Donald Trump still refuses to concede. His petulance only amplifies his impending demise.

Profile view of Donald J Trump, presidential candidate, at the Boca Raton, FL Rally on March 13th, 2016
Donald Trump at a Boca Raton, FL, rally on March 13th, 2016. Photo: Shutterstock

Donald Trump refuses to concede to Joe Biden. The worst word in Trump’s vocabulary is “loser,” and he’s not about to admit the word applies to him.

But Trump’s temper tantrums and lies about election fraud may be having the opposite effect of what he intends. He’s making himself irrelevant.

Related: We’ve got a bigger problem now

Trump’s whole schtick was to make everything about him, flooding the zone with nonsense in an effort to make the media cover him. And for a long time, it worked like a charm. Every tweet, every offhand remark became fodder for endless analysis, moving the focus to whatever Trump wanted to float.

But since the election night, Trump has had to face a new reality. He’s a lame duck, and lame ducks just aren’t that interesting.

Moreover, Trump has chosen to remain largely out of sight at the urging of his advisors. Their thinking is that the legal challenges, which judges are throwing out with barely concealed contempt, should be front and center right now.

The problem is that Trump’s absence allows everyone else to start assuming we’re in a post-Trump era, where Trump isn’t the focus of everything. By staying out of sight, Trump is actually facilitating the feeling that the country is moving on from him.

The same is true of Trump’s endless Twitter tirades, the majority of which are slapped with warnings from Twitter. The mainstream media no longer feels the need to track all of them, unless Trump screws up and accidentally acknowledges he lost.
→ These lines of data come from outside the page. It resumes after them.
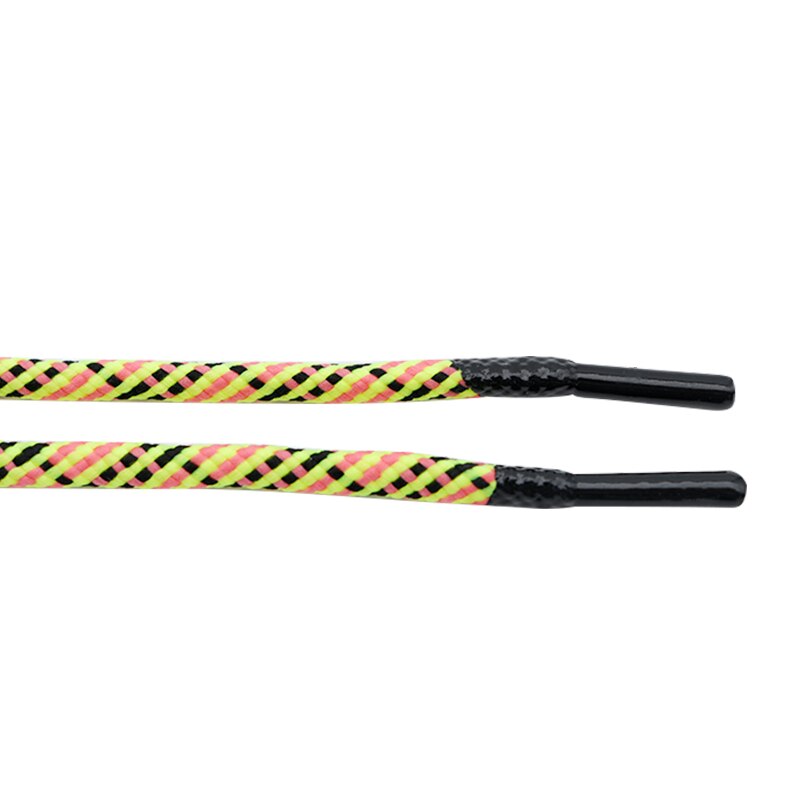 Double Layers 5mm Black Shoelaces 60-180cm 3 Colors Mix Knitting Shoelaces Super Bootlaces Shimmering Laces for Queens Kids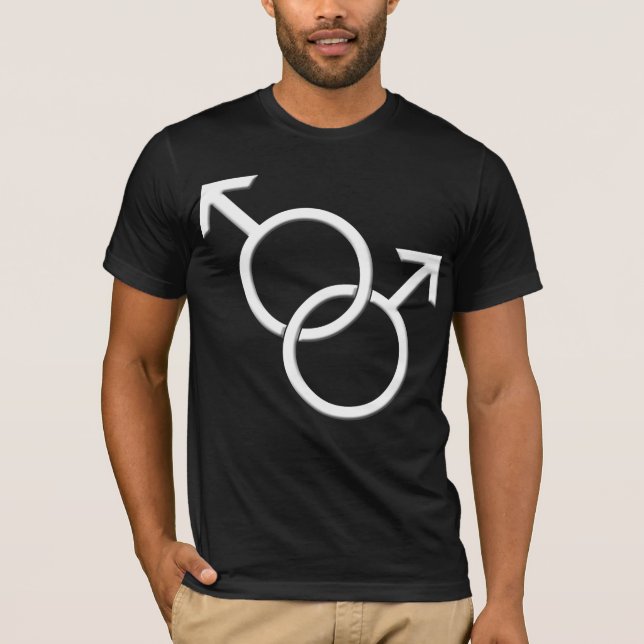 T-shirt Chemises gay pride Hommes - Chemises d'amour du mê (Devant)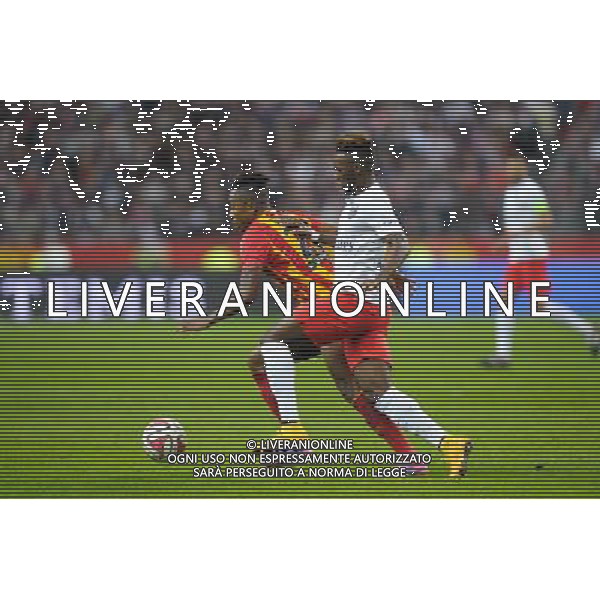 Loick LANDRE / Jean Christophe BAHEBECK - 17.10.2014 - Lens / Paris Saint Germain - 10eme journee de Ligue 1 - Photo : Andre Ferreira / Icon Sport AG ALDO LIVERANI SAS ONLY ITALY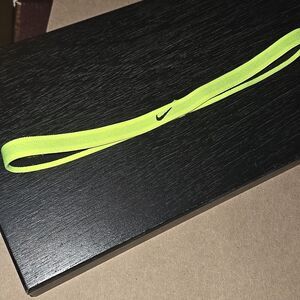 Nike Yellow headband hair accessory youth adult white hair band accessories Slim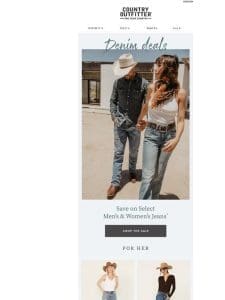 Men’s & Women’s Denim Sale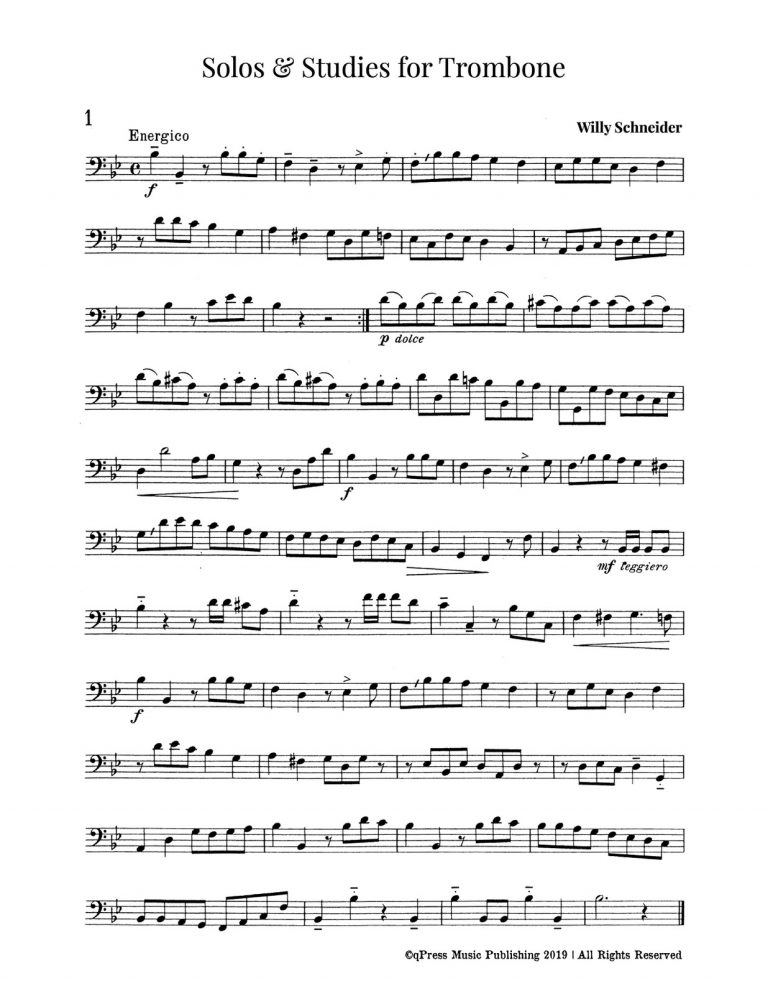 Schneider, Solos & Studies for Trombone-p05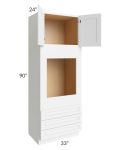 Lakewood White 33x90x24 Oven Cabinet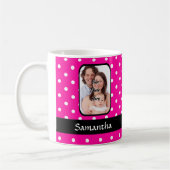Mug Motif à pois rose chaud (Gauche)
At some point, Trump’s narcissism will require him to appear in public again, but he’s already set himself up as beside the point. Even if his flurry of threatened executive orders and regulation changes come to pass, Biden will be able to undo many of them.

In fact, the media’s attention will no longer be on Trump. It will be on Biden — his cabinet choices, his political strategy, his transition plans.

None of this is to say that Trump will go the way of Sarah Palin. The president is in dire financial straits, and he will need to gin up some new venture to stave off the $400+ million in debt that he has personally guaranteed and that comes due in the next several years. Maybe it will be a new Trump news cable channel.

Whatever it is, though, Trump will never have the same clout as he did while president. He will always have his hardcore followers, and he will remain an outsized influence in the Republican party. But just how much of an influence remains to be seen.

In the meantime, Trump has entered the forgotten-but-not-gone phase of his presidency. He only has himself to thank for it.